Input records Block Start

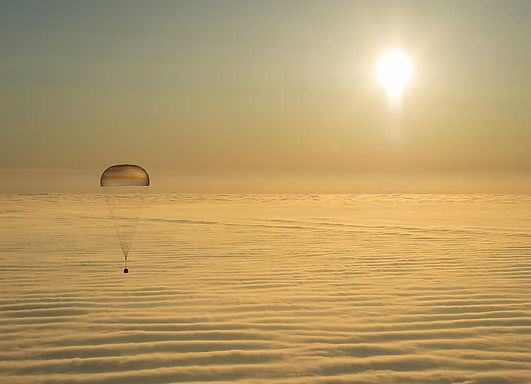 Space capsule on a parachute drifts over the ocean at sunset.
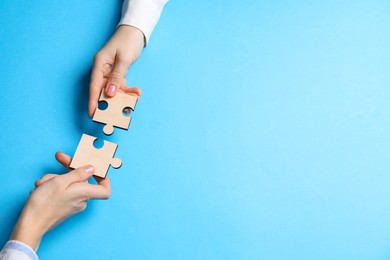 Photo of Business strategy and teamwork concept. Partners putting puzzle pieces together on light blue background, top view. Space for text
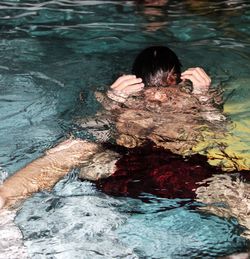 High angle view of person swimming in pool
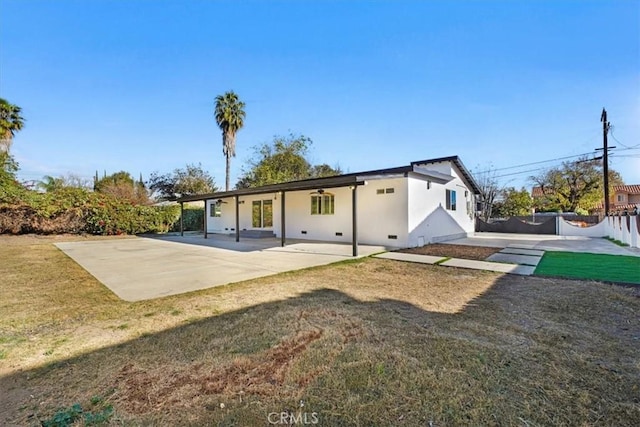 back of property with a patio area and a yard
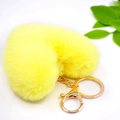 Detail view of a fluffy yellow heart-shaped plush keychain with gold-tone hardware - Gold Keychain / Yellow
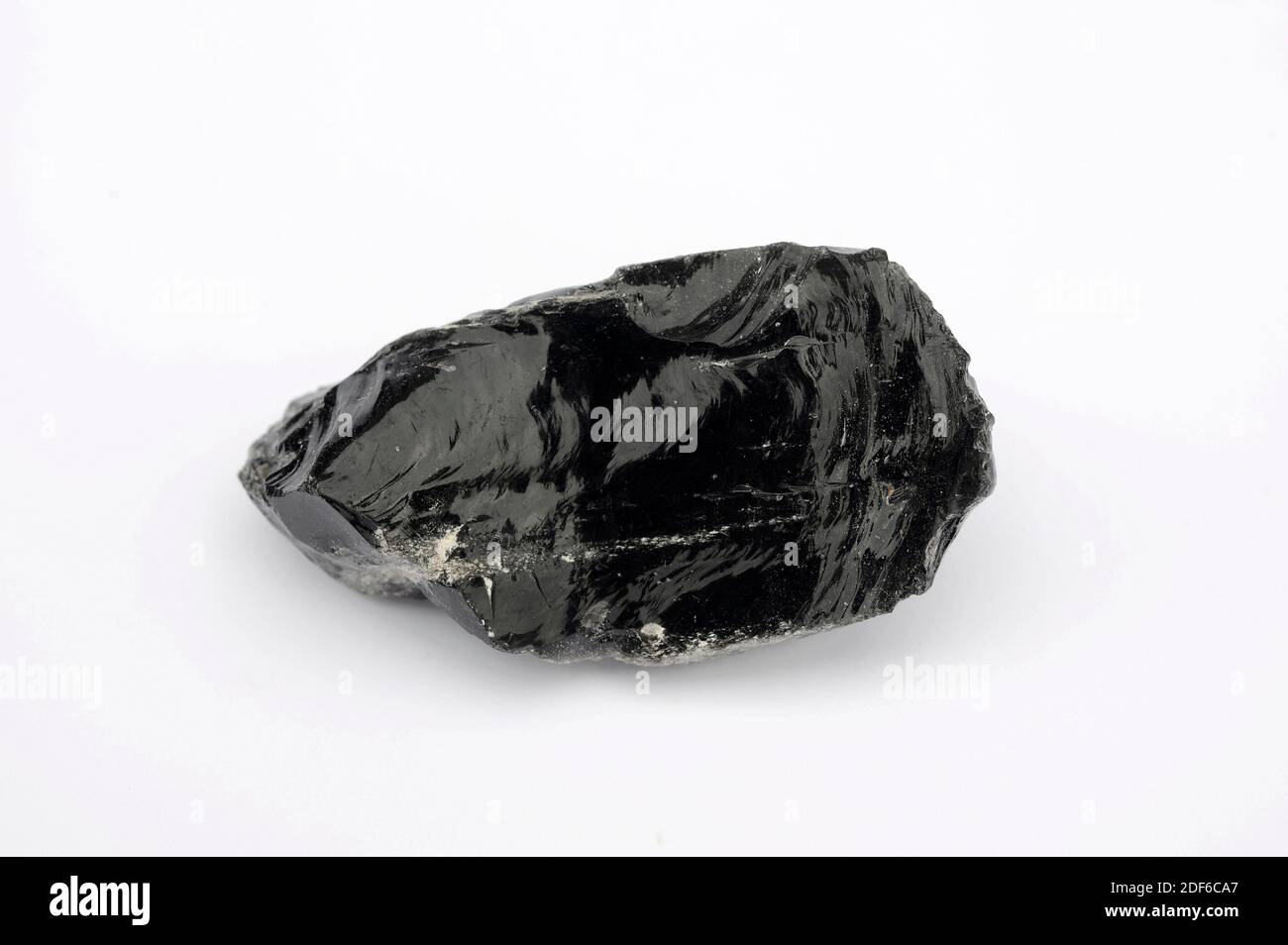 Obsidian is a volcanic glass rock with conchoidal fracture. This sample comes from Mexico. Stock Photo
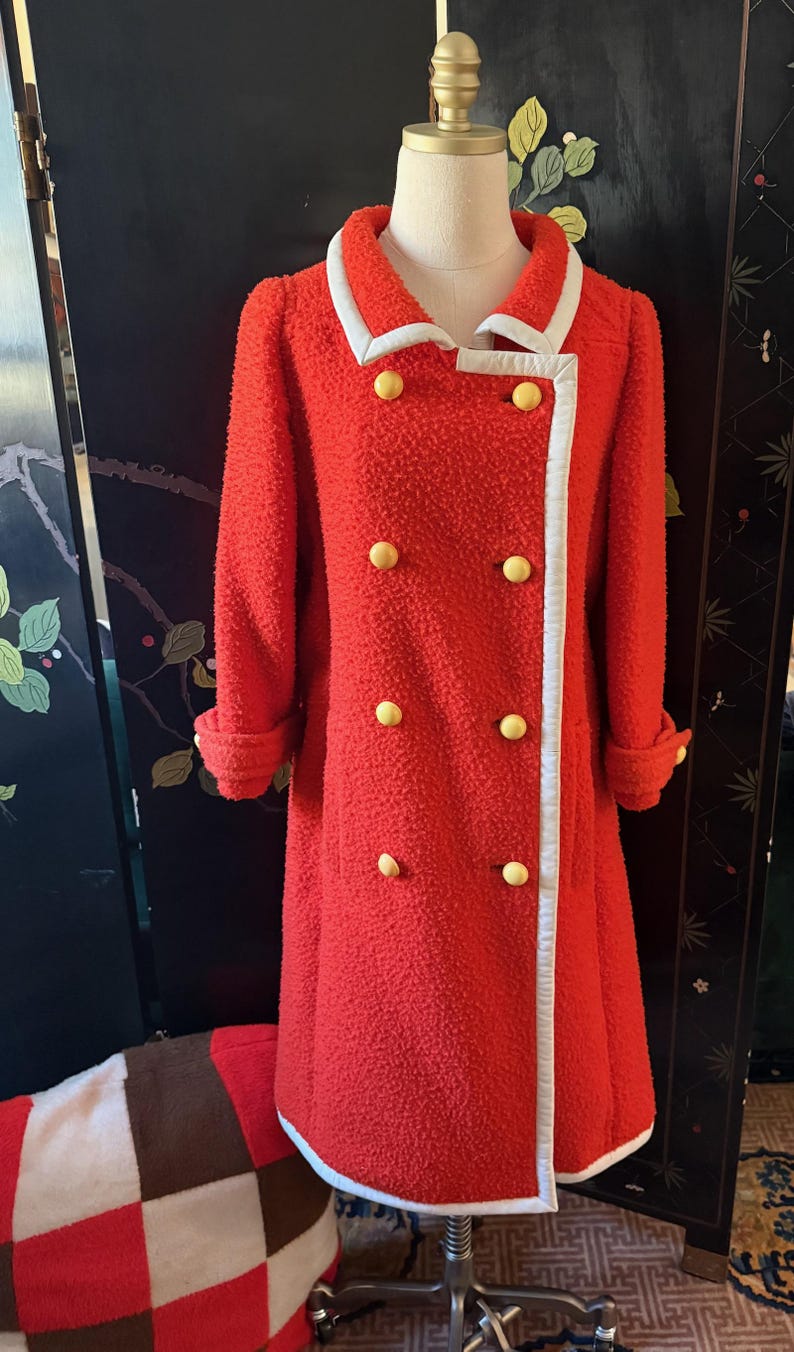 May include: A vintage red coat with a textured fabric, white trim, and yellow buttons. The double-breasted coat features a white collar and cuffs. The coat is displayed on a mannequin.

Input records Block End

A verbatim copy of the listing is required, with all pictures left out.

Result of this exercise »
 Space capsule on a parachute drifts over the ocean at sunset.
 Photo of Business strategy and teamwork concept. Partners putting puzzle pieces together on light blue background, top view. Space for text
 High angle view of person swimming in pool
 back of property with a patio area and a yard
 Detail view of a fluffy yellow heart-shaped plush keychain with gold-tone hardware - Gold Keychain / Yellow
 Obsidian is a volcanic glass rock with conchoidal fracture. This sample comes from Mexico. Stock Photo
 May include: A vintage red coat with a textured fabric, white trim, and yellow buttons. The double-breasted coat features a white collar and cuffs. The coat is displayed on a mannequin.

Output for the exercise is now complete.